Patronus Lynx Deployment#

vLLM#

Lynx is fully open source, so you can host it however you like. One simple way is using vLLM.

  1. Get access to Patronus Lynx on HuggingFace. See here for the 70B parameters variant, and here for the 8B parameters variant. The examples below use the 70B parameters model, but there’s no additional configuration to deploy the smaller model, so you can swap the model name references out with 8B.

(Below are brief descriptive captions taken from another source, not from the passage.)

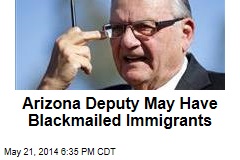 Arizona Deputy May Have Blackmailed Immigrants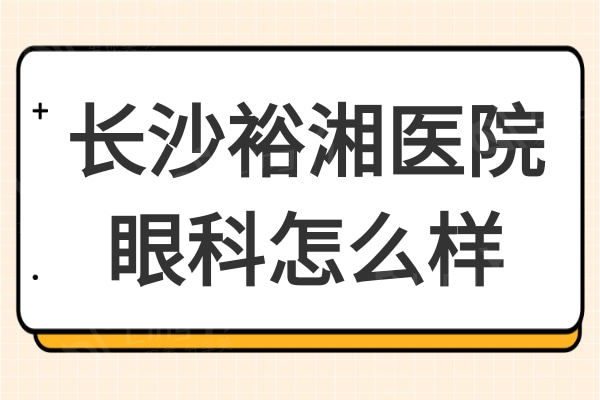 长沙裕湘医院眼科怎么样?二级正规眼科医院医生技术实力强口碑好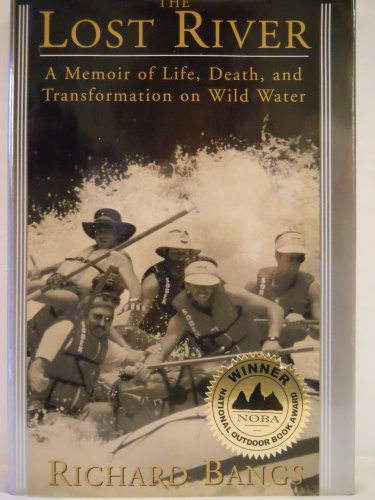 cover image The Lost River: A Memoir of Life, Death, and Transformation on Wild Water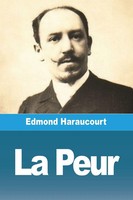 La Peur | Edmond Haraucourt | Taschenbuch | FranzöSisch | 2023 | Prodinnova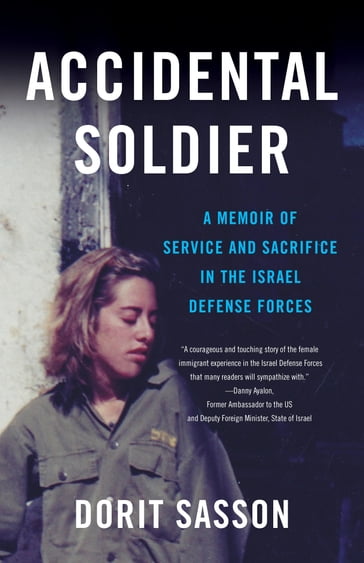 Accidental Soldier - Dorit Sasson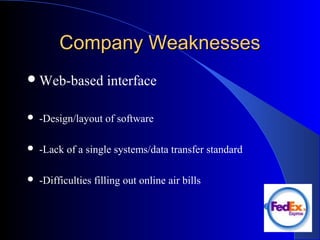 Company WeaknessesCompany Weaknesses
Web-based interface
 -Design/layout of software
 -Lack of a single systems/data transfer standard
 -Difficulties filling out online air bills
 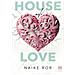 Naike Ror - House Of Love. Ediz. Italiana - Foto miniatura 1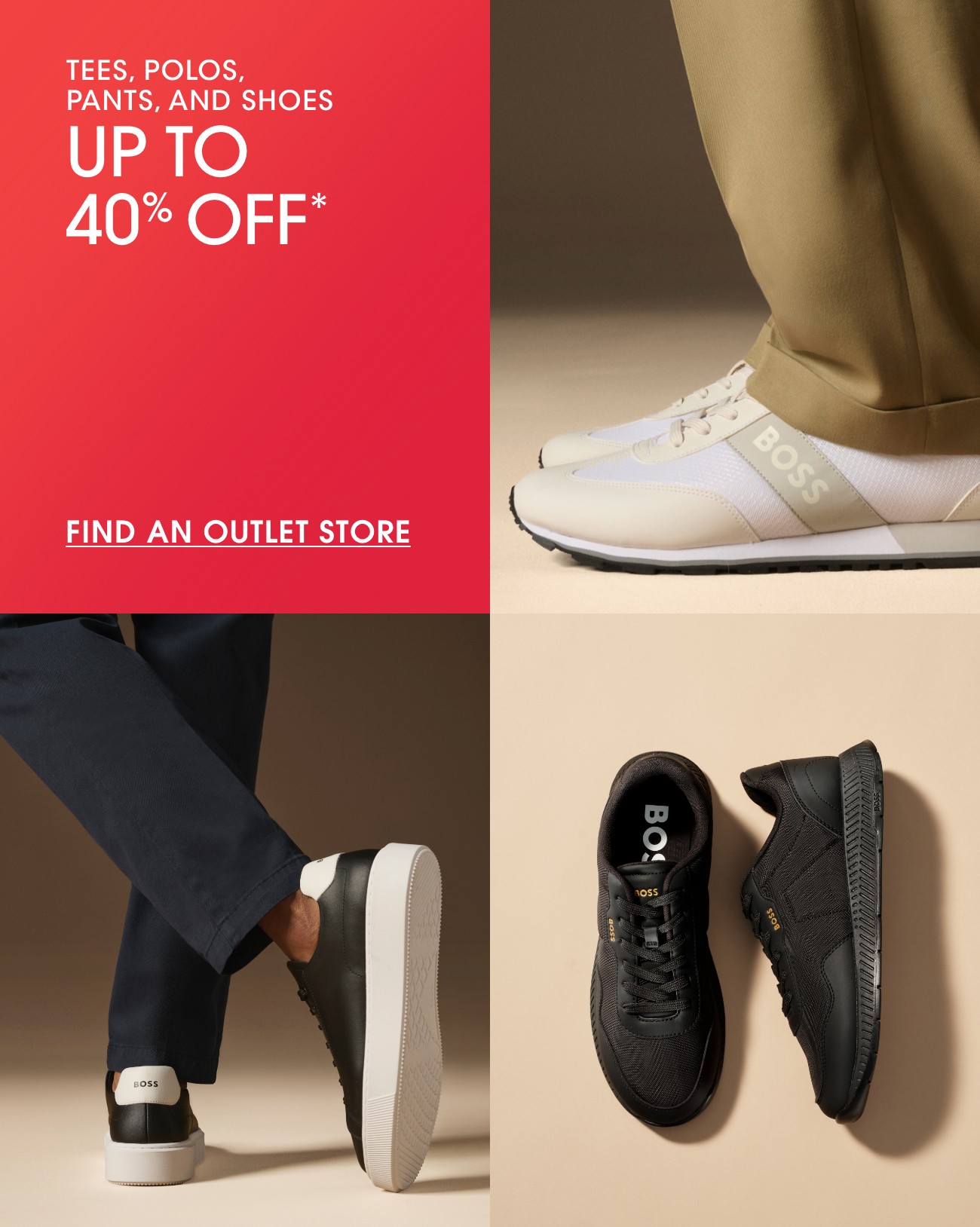 TEES, POLOS, PANTS, AND SHOES | UP TO 40% OFF* | FIND AN OUTLET STORE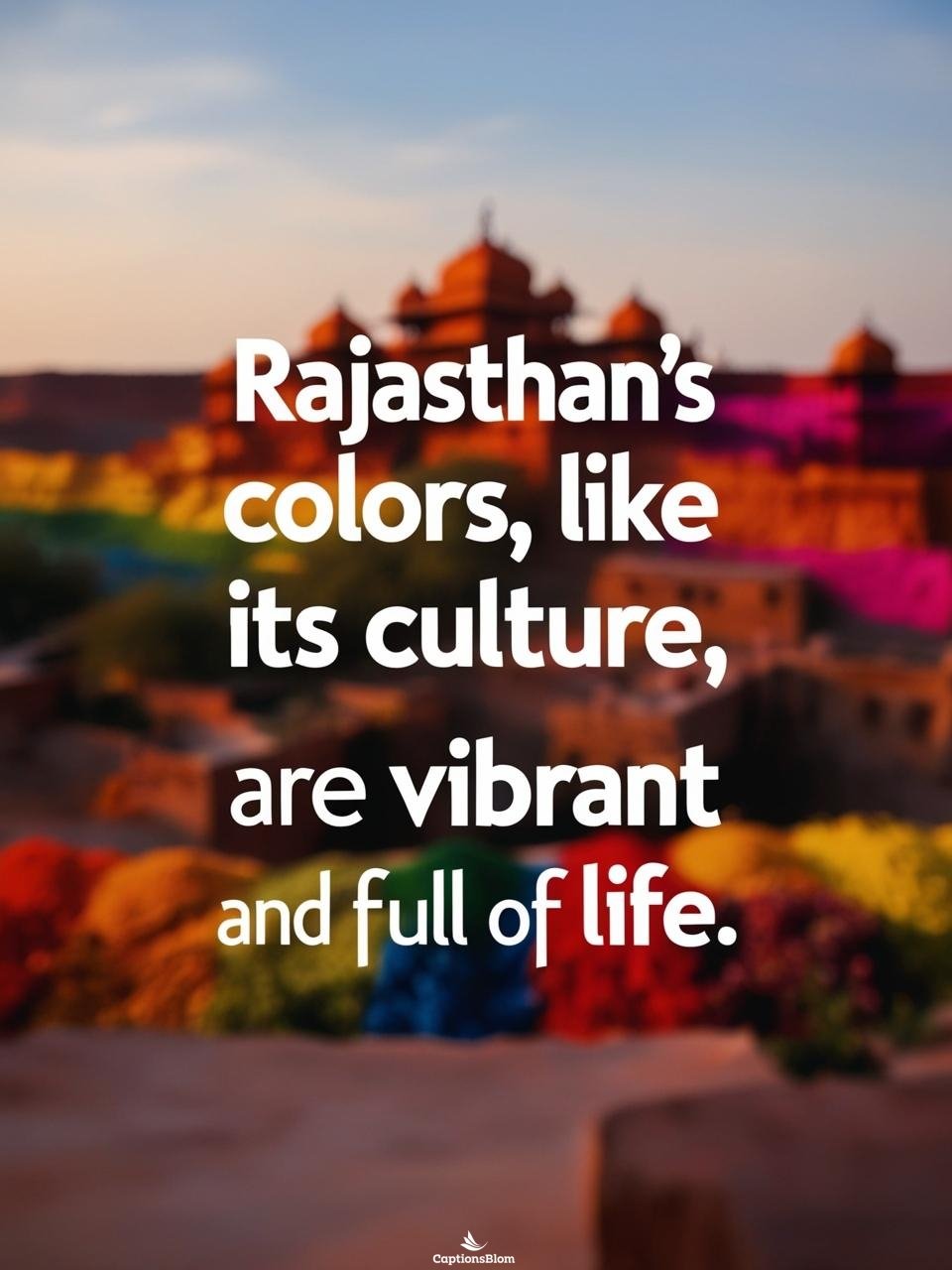 Short Rajasthan Captions For Instagram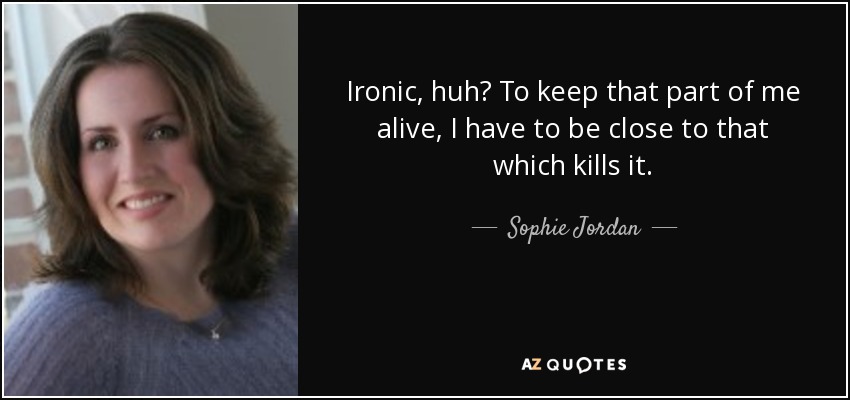 Ironic, huh? To keep that part of me alive, I have to be close to that which kills it. - Sophie Jordan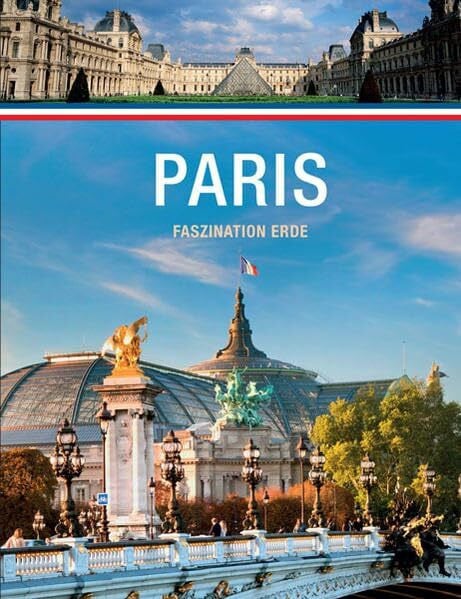 Paris - Faszination Erde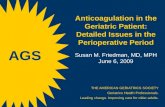 Anticoagulation in the Geriatric Patient: Detailed Issues in the Perioperative Period Susan M. Friedman, MD, MPH June 6, 2009 THE AMERICAN GERIATRICS SOCIETY.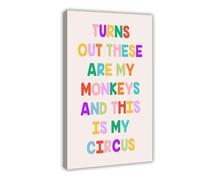 ZJIXAOSD Póster artístico en lienzo con texto en inglés "These Are My Monkeys" This Is My Circus. Divertido y colorido. Póster de pared e impresiones estéticas para habitación, dormitorio, oficina, 40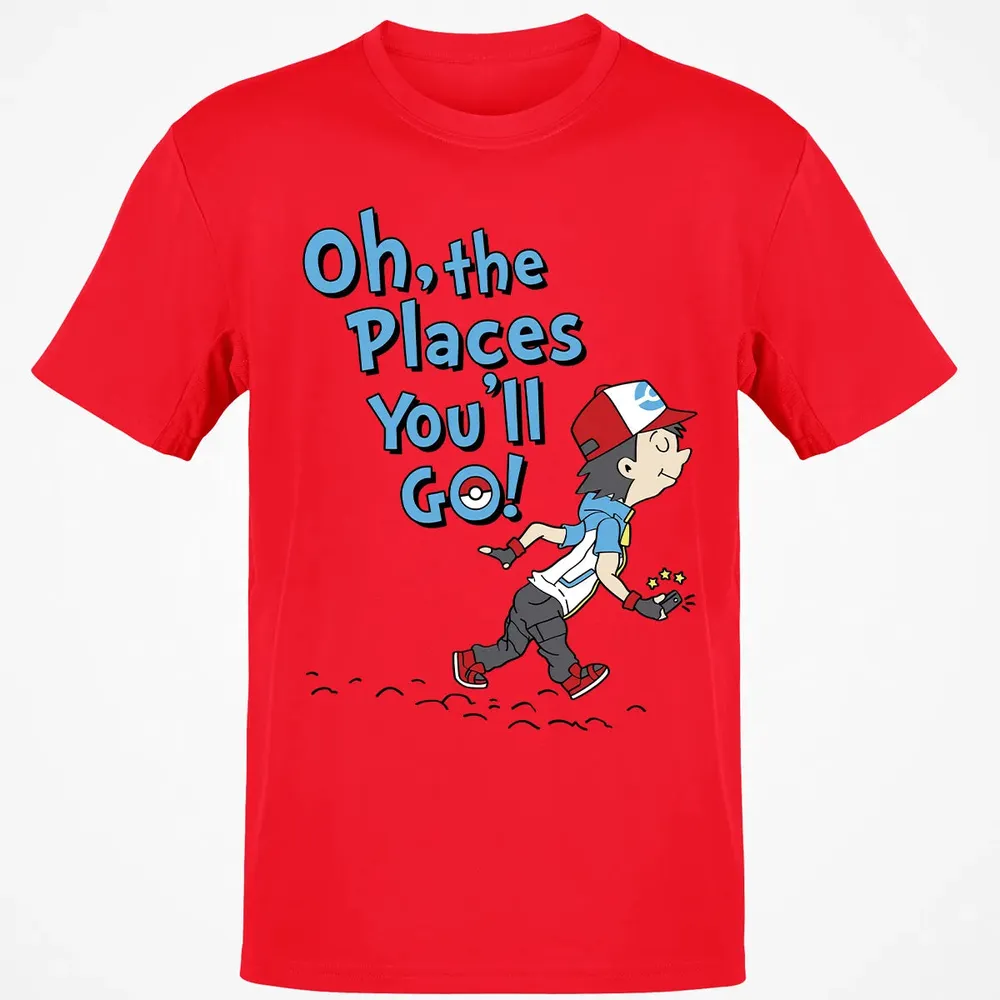 Oh, The Places Youâ€™ll Go! Classic Unisex T-Shirt - 11
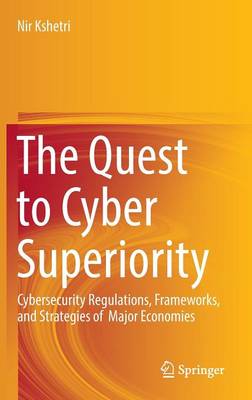 Quest to Cyber Superiority: Cybersecurity Regulations, Frameworks, and Strategies of  Major Economies 1st ed. 2016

  2. Log in to Hugging Face

huggingface-cli login
  1. Install vLLM and spin up a server hosting Patronus Lynx

pip install vllm
python -m vllm.entrypoints.openai.api_server --port 5000 --model PatronusAI/Patronus-Lynx-70B-Instruct

This will launch the vLLM inference server on http://localhost:5000/. You can use the OpenAI API spec to send it a cURL request to make sure it works:

curl http://localhost:5000/v1/chat/completions \
  -H "Content-Type: application/json" \
  -d '{
  "model": "PatronusAI/Patronus-Lynx-70B-Instruct",
  "messages": [
   {"role": "user", "content": "What is a hallucination?"},
  ]
}'
  1. Create a model called patronus_lynx in your config.yml file, setting the host and port to what you set it as above. If the vLLM is running on a different server from nemoguardrails, you’ll have to replace localhost with the vLLM server’s address. Check out the guide here for more information.

Ollama#

You can also run Patronus Lynx 8B on your personal computer using Ollama!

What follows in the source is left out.